To pick up the sport, many would-be climbers turn to guide services and climbing schools, assuming that their instructor will be infallible: a steel-hard semi-deity possessed of unerring mountain savvy—precisely the image that guides themselves want to project and indeed take great pains to project. Guide services (and equipment companies), after all, are first and foremost businesses, and as such they resort to much the same hyperbolic language and marketing strategies that other businesses employ. In unguarded moments, mountaineering companies will—or used to—admit as much. When, for example, I wrote to Chouinard Equipment in 1979 complaining about my broken crampon, I included a page from the latest Chouinard catalogue, which boasted of the unparalleled workmanship and dependability of the product. In reply, I got an apologetic note from an employee who confessed, “Hey, you know how it is: Advertising and bullshit go together like peanut butter and jelly, like hot dogs and mustard, like Ginger Rogers and Fred Astaire.”
Nowadays, the promotional brochures and catalogues of guide services and hardware manufacturers do include disclaimers: detailed legal boilerplate warning of the hazards of climbing. But the stilted language leaves one with the impression that the disclaimers are mere legal formalities (what lawyers refer to as “flypaper”) and thus are not intended to be taken seriously—an impression reinforced by the pages and pages of cheerful catalogue copy that inevitably follow.
“In a sense,” says Michael Kennedy, an experienced mountaineer and the editor of Climbing magazine, “guide services and gear manufacturers have helped bring the liability crisis on themselves by underplaying the sport’s dangers in their marketing. They know they’re going to have a tough time selling people on climbing if the first thing they tell them is ‘You stand a good chance of getting killed.’ As a consequence, people take up climbing thinking it’s just another form of recreation, without being tuned into its traditions, its spiritual side. Then, surprised when they get hurt, like good Americans they sue somebody.”

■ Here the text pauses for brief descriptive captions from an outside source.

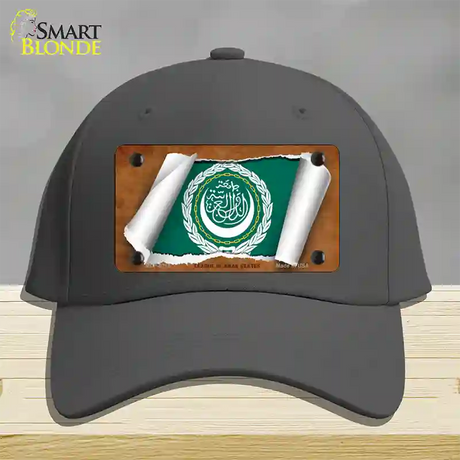 League of Arab States Flag Scroll Novelty License Plate Hat Cotton / Charcoal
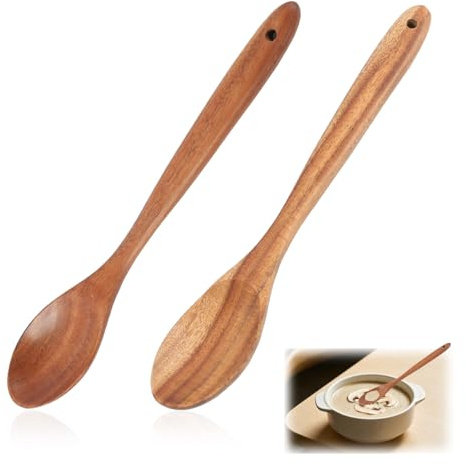 2pcs Kochlöffel aus Holz, aus Akazienholz, Langlebig, Naturbehandelt, Geölt, Kratzfest, 30 cm Bratlöffel Kochbesteck, Nachhaltig, Umweltfreundlich, Ideal für Küche & Braten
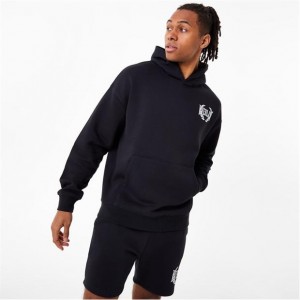 Black Everlast Elite Laurel Men's Hoodie | 68905LKFM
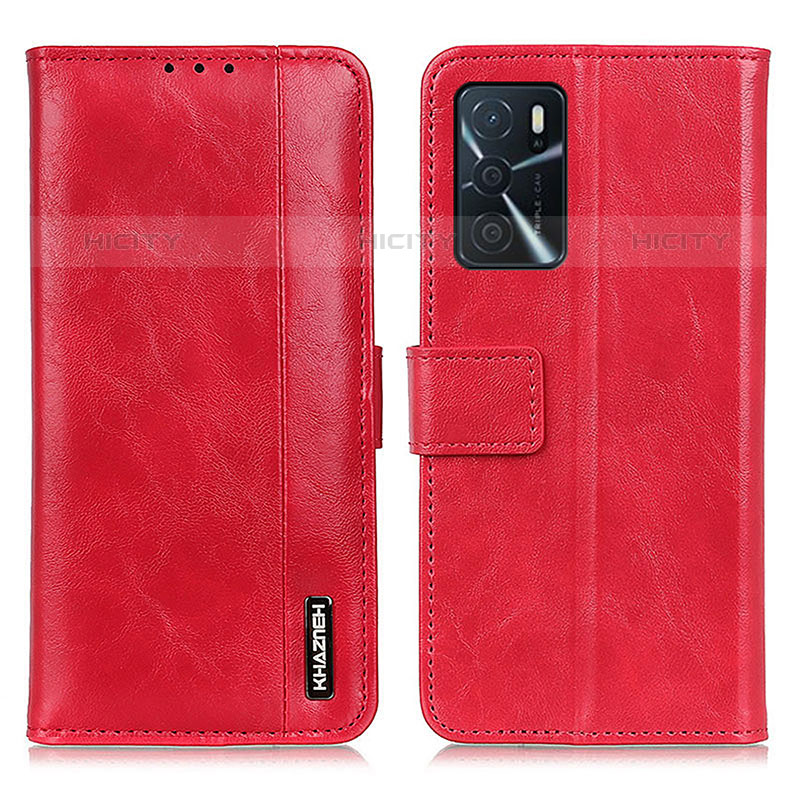 Custodia Portafoglio In Pelle Cover con Supporto M11L per Oppo A16s Rosso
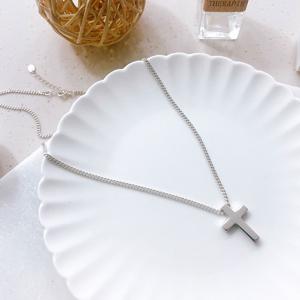 925실버 볼드 기본 십자가 목걸이 남녀공용 은목걸이 기독교 선물 전체순은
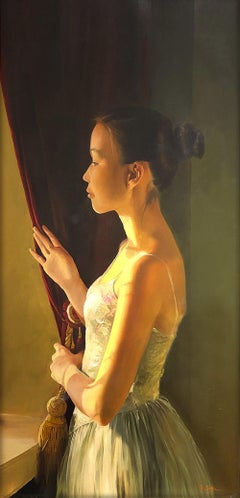 Ballerina - Original mongolisches, traditionelles, realistisches Tänzer-Ölgemälde, modern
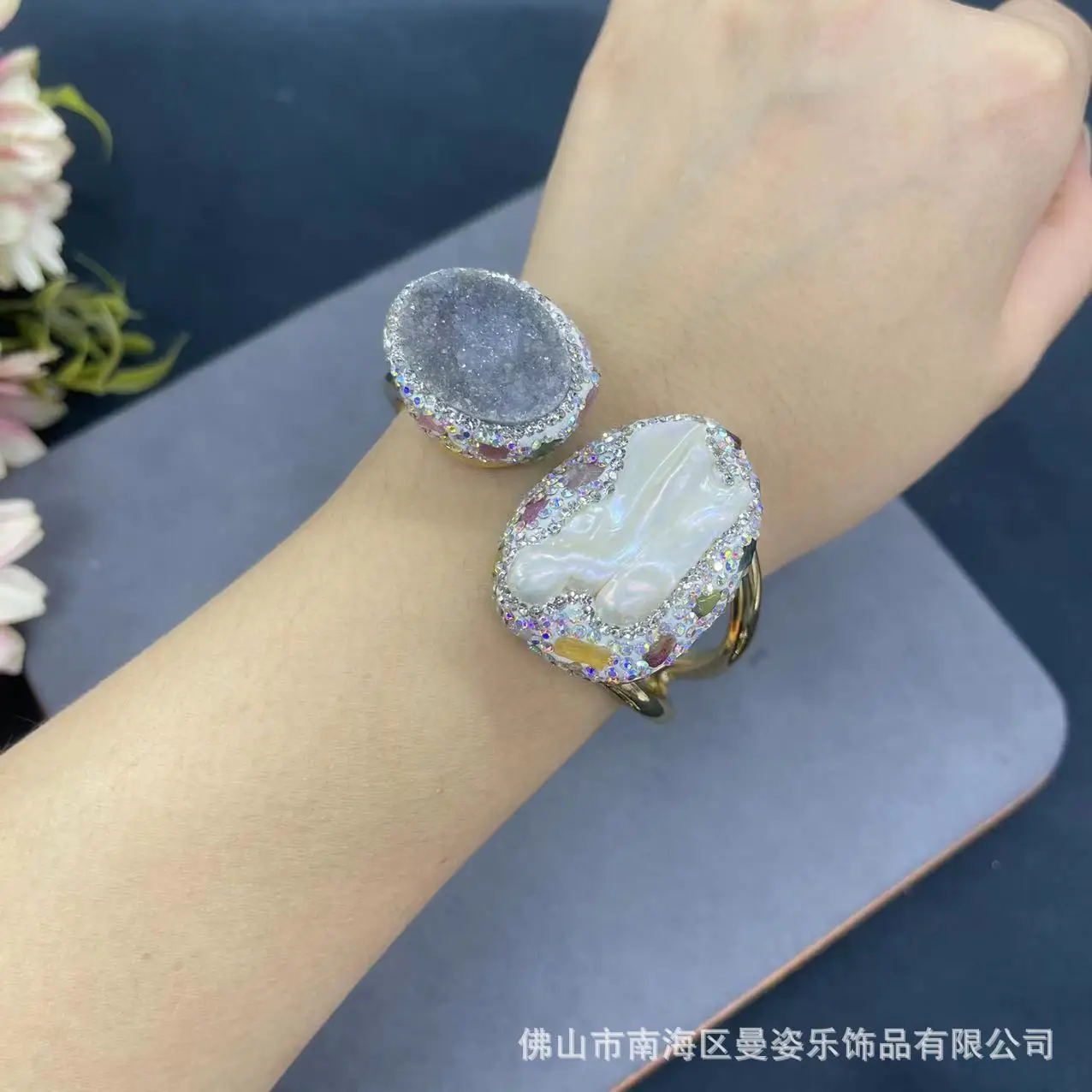 DIY accessories Natural agate gold tooth gemstone with baroque pearl fashion bracelet cross-border popular European and American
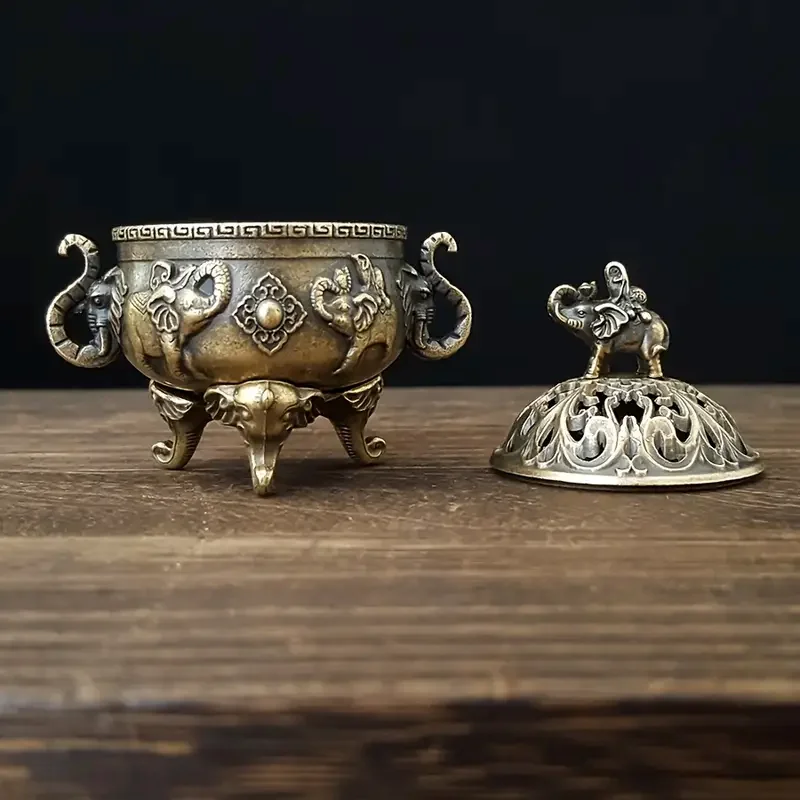 Elefanten-Räuchergefäß mit drei Beinen, Metall, Heimdekoration, Aromatherapie-Zubehör, vielseitig einsetzbar für Meditation, Dekoration, Ornament – Detail 2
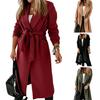 Cappotto invernale da donna in lana con cintura allacciata, ampio, tinta unita, colletto rovesciato, cardigan, maniche lunghe, lunghezza media, giacca da pendolarismo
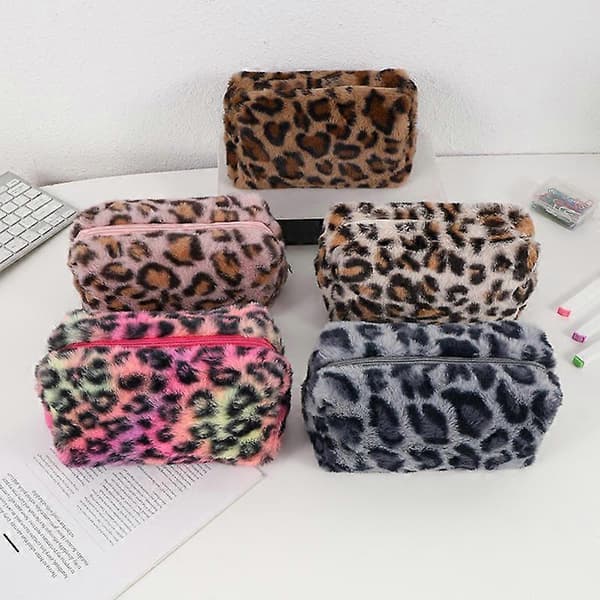 【BQ】Multifunctional Pencil Case with Neon Leopard Pattern - Rainbow Organizer for School, Travel, Cosmetics, and Keys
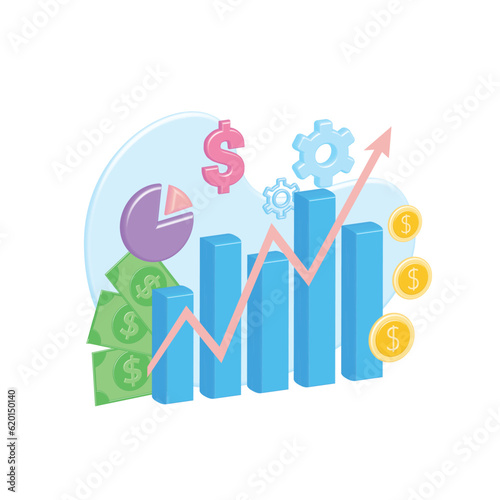 Volumetric, growing, successful graph, finance diagram. Analysis of bank data, monetary information with cash, 3d gold coins, cash. Investment strategy, economy. Currency exchange with dollar sign. Up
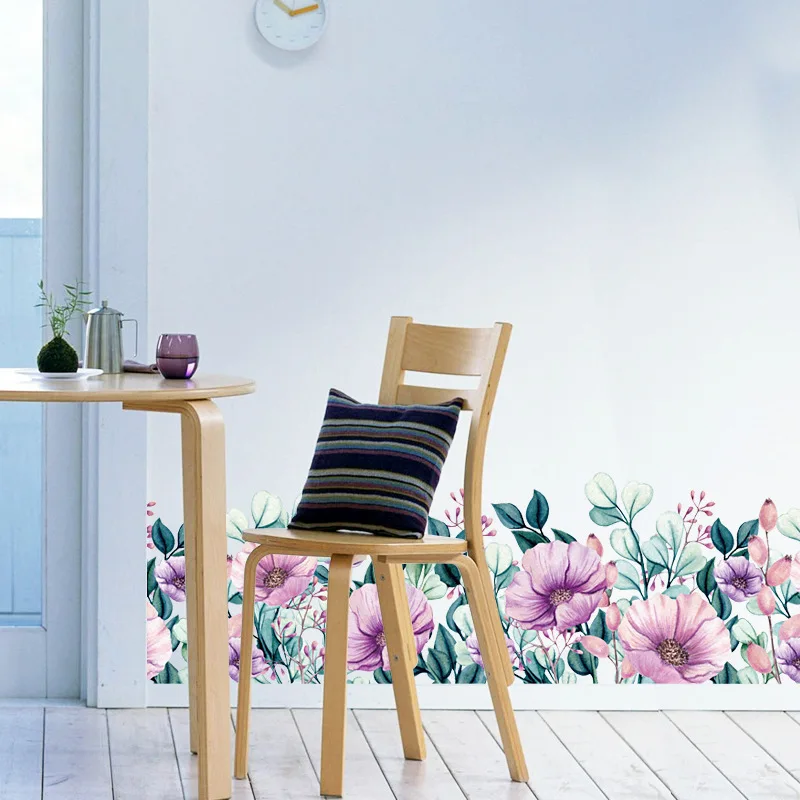 

Purple flower Baseboard Wall sticker living room cabinet aisle glass window cabinet home decoration decal Mural Art Stickers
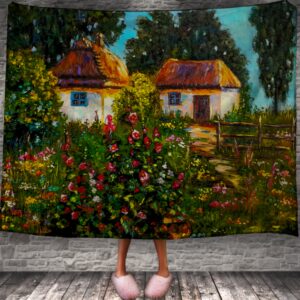 Плед Українська хата мальви етнічний стиль український етнос фольклор декор природа 150х200 см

The current liability problem is not without practical responses, however. One thing companies could do to discourage future suits is refuse to settle current ones out of court. “A huge number of lawsuits are filed with little or no merit,” explains McCarthy. “But they’re expensive to defend, climbing sounds exotic, the insurance company wants the hell out of there, so there’s a fat settlement. And the plaintiff’s attorney walks away with his one-third, no problem, ready to do it all over again next time.”
Most heads of climbing-related businesses agree, at least in principle, that it would be much better for the industry as a whole if each and every liability claim were fought through the courts. But for all the tough talk, thus far the only company that has actually stuck to the hard line and refused to settle has been John Bouchard’s Wild Things. Yvon Chouinard, when asked why he was so quick to settle out of court, asserts that insurance companies are to blame: “As soon as you buy insurance, you surrender the right to decide whether to fight a case or not. They insist on making that decision.”
Perhaps the best way for a company to avoid being sued, suggests Chouinard, is “simply to stay small, to keep it in your backyard, like I started out. The trick is, you don’t carry any insurance, you figure out a way to keep your assets out of the business, and nobody will be interested in suing you. And if somebody does sue you, you just walk away from it. But you have to make sure you don’t get greedy, because as soon as you get big, you become a target.”
Of course, schools and equipment manufacturers might also reconsider how they sell climbing to the American public. Climbing has marketed so successfully against its dangerous image that the beginner has come to believe that by plunking down his charge card at a reputable climbing school he is buying expertise and safety—that at his level of the game, at least, climbing is fun and maybe scary, but never deadly.
The sale of Chouinard equipment did not make the lawsuits disappear. In early April, the Carrington case was scheduled to go to trial in June or July. However, since Chouinard Equipment declared bankruptcy, piercing the corporate veil has become considerably more problematic. Insiders expected that by the time you read this article the claim will have been settled out of court.
Meanwhile, profits are still piling up in the coffers of Patagonia, Inc. Exum has yet to settle its suit—a suit kept alive, according to Rosa Carrington’s family, at the insistence of Ed Carrington’s old law firm—but is conducting business as usual. Jim Bridwell, who has settled out of court, is presently climbing and guiding in Southern California.
And Ed Carrington, of course, is still dead. No obvious culprit has emerged from the legal fracas, and people still ask why Carrington—taught by a top-notch instructor at a highly respected school using the finest equipment made—is not alive today.
A satisfactory answer to that question will never be forthcoming. The most that can be said with any certainty is that someone made a small, innocent mistake—or more likely still, several people made a series of small, innocent mistakes. And climbing, for better or worse, has always been a game in which the penalty for even a single, apparently tiny error is often considerably more than anyone wants to pay.
PUBLISHED IN OUTSIDE, JUNE 1990
* The United States Court of Appeals, Tenth Circuit, resolved the lawsuit on November 13, 1991, by ruling in favor of the National Park Service.